Gasohol law raises questions of impact on US food production

Will the federal government continue to press for the replacement of gasoline with gasohol in most of the 159 million cars and trucks now operating in the United States?

Gasoline usually consists of 90 percent gasoline and 10 percent alcohol.

The feeling in Washington now is that the Reagan administration won't ''buy'' such a program. The fact is, however, the Carter administration and the Democratic Congress last year enacted a law that requires just such a switch.

Officially called the US Energy Security Act of 1980, but known informally as the ''syncrude law,'' it provides more than a half dozen subsidies and incentives to a company producing ethanol alcohol to extend the nation's petroleum supplies.

Former President Carter and many of the congressmen who supported the syncrude measure hoped that it would also extend their stays in office because the act was strongly favored by US farmers. When fully implemented, it would increase the demand for corn or other feedstock by 100 million tons by 1990.

The major subsidy provided in the law is the cancellation of the 4 -cents-a-gallon federal road tax now applied to gasoline. Since one gallon of ethanol alcohol can produce 10 gallons of gasohol, the subsidy amounts to 40 cents for each gallon of alcohol produced.

However, 38 states also have reduced their road taxes on gasohol by about 5.5 cents. When combined with the federal tax cancellation, the total subsidy comes to about 95 cents a gallon.

This will substantially reduce the funds available in the federal and state coffers for maintaining and improving the nation's highway system. It is estimated that by 1990 the total loss of federal revenues as a result of this measure would amount to about $27 billion.

Using a phased-in timetable, the syncrude act calls for a gradual increase in the production of ethanol to 1 billion gallons by 1982, 4 billion gallons by 1985, and 10 billion gallons by 1990. This could produce 10 billion gallons of gasohol next year, 40 billion gallons by 1985, and 100 billion gallons by 1990.
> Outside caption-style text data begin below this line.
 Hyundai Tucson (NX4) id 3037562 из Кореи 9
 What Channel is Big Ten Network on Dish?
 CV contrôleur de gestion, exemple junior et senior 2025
In 1980, US vehicles burned 109 billion gallons of motor fuel, a demand that is expected to stay about level in this decade.

While most Americans applaud the idea of being less dependent on OPEC petroleum, this program has other weaknesses.
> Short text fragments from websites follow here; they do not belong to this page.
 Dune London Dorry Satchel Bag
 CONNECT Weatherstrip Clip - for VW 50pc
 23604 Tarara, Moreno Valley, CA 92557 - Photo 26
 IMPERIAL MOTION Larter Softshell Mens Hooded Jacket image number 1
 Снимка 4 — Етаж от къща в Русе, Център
First of all, ethanol has about 38 percent less energy, or British thermal units (B.t.u.), of heat than gasoline. Since this loss of energy is also divided by 10, there is a net loss of almost 4 percent from each gallon of gasohol.
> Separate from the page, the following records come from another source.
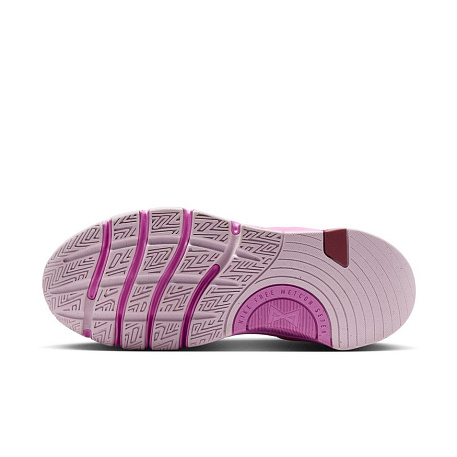 Кроссовки Nike Free Metcon 7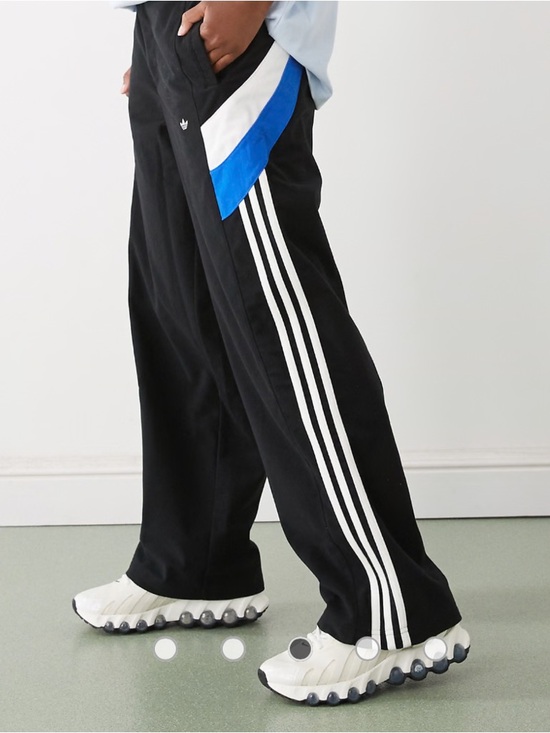 adidas Originals Pants - Adidas Original Track Pants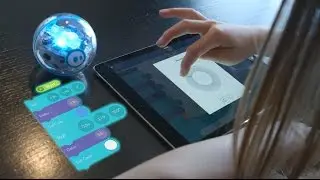 Just add imagination - Introducing SPRK+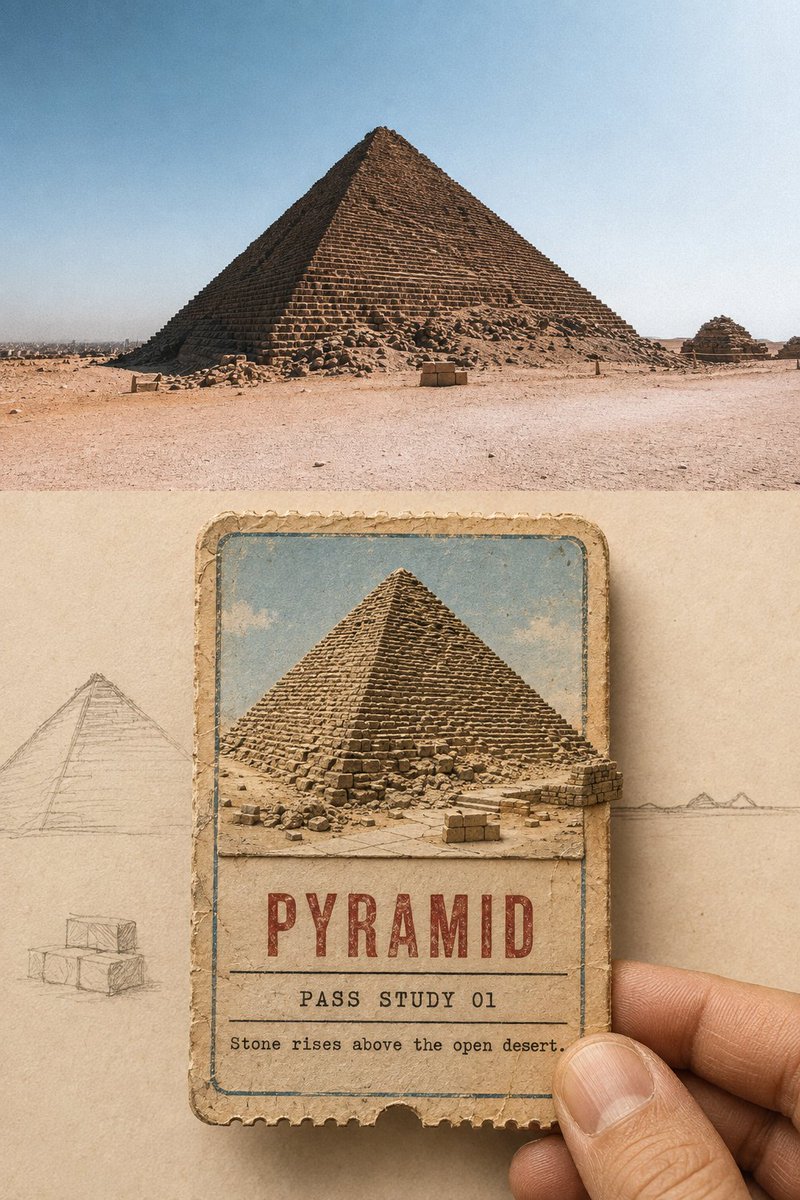 请将我上传的每一张旅行照片分别制作成一张独立的高级旅行转绘海报,每张照片单独输出,不多图拼接。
The issue is attracting some attention. Energy, a magazine published by Resources of the Future, a nonprofit Washington think-tank supported partially by the Ford Foundation, recently printed a special issue in opposition to the gasohol portion of the Energy Security Act.

The magazine reported: ''With the generous subsidies provided, mainly by the federal government, the ethanol industry is off to a fast start. The one-billion-gallon goal for the end of 1982 seems well within reach. In effect, bushels of American corn are being traded for barrels of OPEC oil.''

Writing in Energy, Fred H. Sanderson, former director of the Office of Food Policy in the Department of State, noted that a third of the 100 million tons of corn or grain would be returned to the food system as byproduct protein for livestock.

However, he added: ''What has generally been overlooked is the far-reaching impact of the (gasohol) program on our food system as heavily subsidized fuel alcohol competes for an even greater share of our agricultural resources.''

Among the impacts he sees are substantial increases in the cost of the corn and other agricultural products, much of which is now exported. As a result, US farm exports would be reduced while its oil imports would be cut.

The result would be no meaningful reduction in US balance of payments, an ostensible purpose of the gasohol program. Yet the act is still on the books.